Finalement, Hemingway s’est marié quatre fois, et est devenu alcoolique et coureur de femmes. Il souffrait d’une dépression pour laquelle il a reçu des électrochocs, et il a fini par se suicider. Cependant, si loin qu’il se soit éloigné de l’Église, il semble ne pas avoir cessé de se considérer comme (mauvais) catholique.

Le narrateur de Le soleil se lève aussi, Jake Barnes, portrait d’Hemingway, est catholique. Sa situation religieuse – et très probablement aussi celle d’Hemingway – se résume quand Jake entre impulsivement dans la cathédrale de Bayonne, au pays basque dans le sud-ouest de la France alors qu’il se rend en Espagne.

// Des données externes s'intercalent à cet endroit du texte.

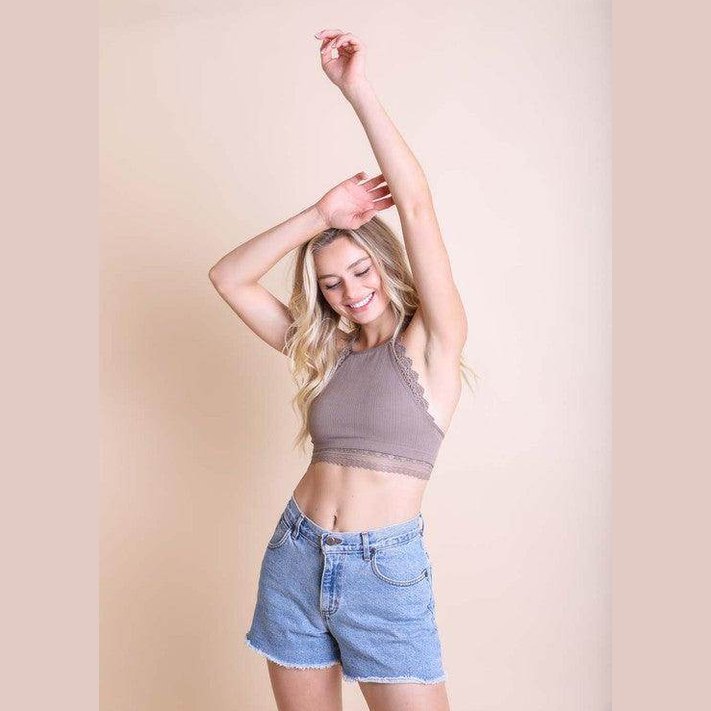 High Neck Crochet Lace Trim Bralette - VacationGrabs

La lumière était imprécise et sombre. Il y avait des gens qui priaient, et cela sentait l’encens, et il y avait de superbes grands vitraux. Je me suis agenouillé et j’ai commencé à prier. J’ai prié pour tous ceux auxquels j’ai pensé, Brett et Mike, et Bill et Robert Cohn et moi, et pour tous les toréros…et comme j’avais passé tout ce temps à genoux, avec le front contre le bois devant moi, et que je me voyais en prière, j’avais un peu honte, et j’ai regretté d’être un catholique aussi pourri, mais j’ai réalisé que je n’y pouvais rien, en tous cas pour le moment, et peut-être pour toujours, mais qu’en tous cas, c’était un religion grandiose, et j’ai vraiment souhaité me sentir religieux et peut-être que plus tard je le serais, et je me suis retrouvé dehors au soleil sur les marches de la cathédrale.

La différence entre ces deux visites à des églises catholiques, est évidente. Comme par magie, le seul fait d’assister à une célébration de la messe apporte à Densher une lumière nouvelle sur son dilemme, tandis que de prier dans une sombre cathédrale rappelle à Barnes qu’il est un « catholique pourri ». Mais qui peut dire si la perspicacité de Barnes n’a pas plus de sens que celle de Densher ?

Fussel suggérait que pour Henry James, le catholicisme aurait pu être essentiellement un « dispositif littéraire ». Peut-être. Mais la fréquence des thèmes catholiques chez James suggère quelque chose de plus. On peut l’imaginer dire solennellement : « S’il existe un Dieu personnel, et s’il y a une vie après la vie – et je préfère réserver mon jugement sur ces deux sujets – alors, on peut pour le moins reconnaître que l’église catholique, avec tous ses défauts, est substantiellement plus en contact avec Dieu et la vie éternelle qu’aucune autre religion. »

Hemingway était un homme qui, devenu catholique, a pratiqué sa foi pendant un temps, n’y a jamais formellement renoncé, et, souffrant de dépression, s’est peut-être confié à la miséricorde de Dieu alors même qu’il mettait un terme à sa vie.

Nous devrions certainement dire une prière pour lui de temps en temps – aussi bien que pour Henry James, le méticuleux post protestant.